Since no one will take the hint and end this thread, I might as well join in--there is a tiny bit of physics (well world energy knowledge) involved.

Iran has a very large natural gas reserve--about half of what Russia has. That would be the obvious choice for electrical production. Relatively clean, large supply (they need tap only a little), and a whole lot cheaper. We can, and probably will, hide our head in the sand about this until Israel decides Iran is getting too close to a nuclear weapon, and then they will nuke the site--have all but said they would. Then the s*** will really hit the fan. We had better be growing nothing but energy crops at that point because if we back-up Israel, and of course we will, NOBODY in the mid-East will sell us a drop of oil.

As another poster pointed out on some other posts to this thread, there are TWO Iraq wars to talk about.
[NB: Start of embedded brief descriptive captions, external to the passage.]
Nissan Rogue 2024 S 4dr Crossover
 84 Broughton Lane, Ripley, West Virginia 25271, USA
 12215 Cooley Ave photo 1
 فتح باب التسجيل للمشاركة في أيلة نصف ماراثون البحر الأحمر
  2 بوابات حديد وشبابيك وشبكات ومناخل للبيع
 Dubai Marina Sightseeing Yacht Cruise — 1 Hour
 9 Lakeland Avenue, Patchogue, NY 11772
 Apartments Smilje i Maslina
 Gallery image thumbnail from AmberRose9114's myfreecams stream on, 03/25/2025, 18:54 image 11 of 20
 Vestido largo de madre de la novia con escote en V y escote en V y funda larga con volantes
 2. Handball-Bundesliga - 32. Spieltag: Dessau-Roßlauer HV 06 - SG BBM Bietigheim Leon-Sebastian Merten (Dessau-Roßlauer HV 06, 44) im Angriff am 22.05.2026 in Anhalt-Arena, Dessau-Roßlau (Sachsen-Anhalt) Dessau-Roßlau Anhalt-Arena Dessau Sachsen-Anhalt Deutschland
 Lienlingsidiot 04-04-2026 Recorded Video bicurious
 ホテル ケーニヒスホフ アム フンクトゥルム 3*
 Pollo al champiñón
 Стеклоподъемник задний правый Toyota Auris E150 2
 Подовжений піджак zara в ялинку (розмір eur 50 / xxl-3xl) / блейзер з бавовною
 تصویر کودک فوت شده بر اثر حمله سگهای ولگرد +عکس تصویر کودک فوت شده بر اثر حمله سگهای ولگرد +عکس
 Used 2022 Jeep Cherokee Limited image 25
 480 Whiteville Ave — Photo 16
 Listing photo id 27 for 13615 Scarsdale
The war against Iraq which went pretty much as everyone reported it would go, and the current military conflict (GW's mistake, IMO, to continue to call it a war) involving trying to provide security during the nation building phase against the religious extremists (a near civil war if you insist) and the outside agitation by Iranian and Syrian backed terrorists. It is this second conflict that has dragged on, should have been foreseen, and has public opinion mostly against continued involvement. My thought is the a fast withdrawal would more than likely move up the date when Israel takes charge over Iran. But what do I know?

;-)

Rick [guessing that no one was absolutely sure that Hitler would invade Poland....... Also suspecting that war against Iraq was as much about Iran and North Korea as Iraq itself.]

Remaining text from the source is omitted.